Un soldat que je n’ai jamais revu
Tous les forgerons du Causse avaient été mobilisés. Le père avait eu une permission. Sans prendre le temps de se reposer, il repartit chausser et affuter les socs de charrues, ferrer et ferrer encore et toujours les chevaux et les bœufs à n’en pas voir la fin de la journée.
Un de ces soirs-là, je me tenais devant le travail de la forge où le père s’affairait. Un homme qui me parut très grand, descendit de la ferme voisine. Il salua le client, et demanda à papa : "A quelle heure partons-nous demain ?" Et il repartit.
Le lendemain, il fut à la maison avant le jour. Les deux hommes avaient 11 km à faire à pied afin d’aller prendre le car de Meyrueis pour Millau. Ils étaient chargés de musettes et de toutes sortes d’équipements.
En embrassant maman, le beau soldat lui dit : "Adieu à tous.
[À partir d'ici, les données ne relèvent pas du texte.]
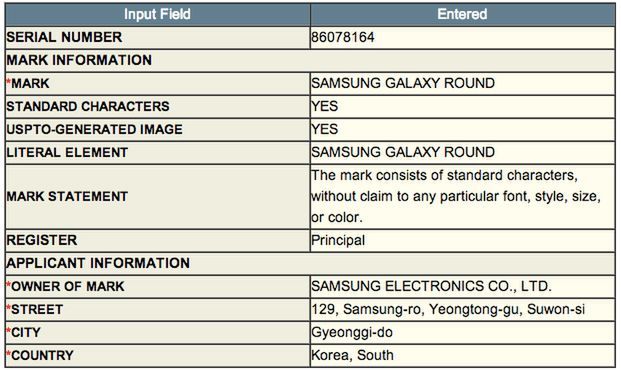 Trademark Galaxy Gear )fot. phonearena)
Je sais que je ne reviendrai pas …"
Et il y avait tant de tristesse dans sa voix ! Quand ils furent partis, j’ai voulu savoir pourquoi le soldat ne voulait pas revenir. Pour toute réponse, maman, qui ne pouvait pas parler, me renvoya au lit, car il faisait encore nuit. Elle était en pleurs, la pauvre !
Le brave soldat ne s’était pas trompé. Quelque temps après, nous apprenions qu’il avait été tué. C’était notre voisin : Marius Gély.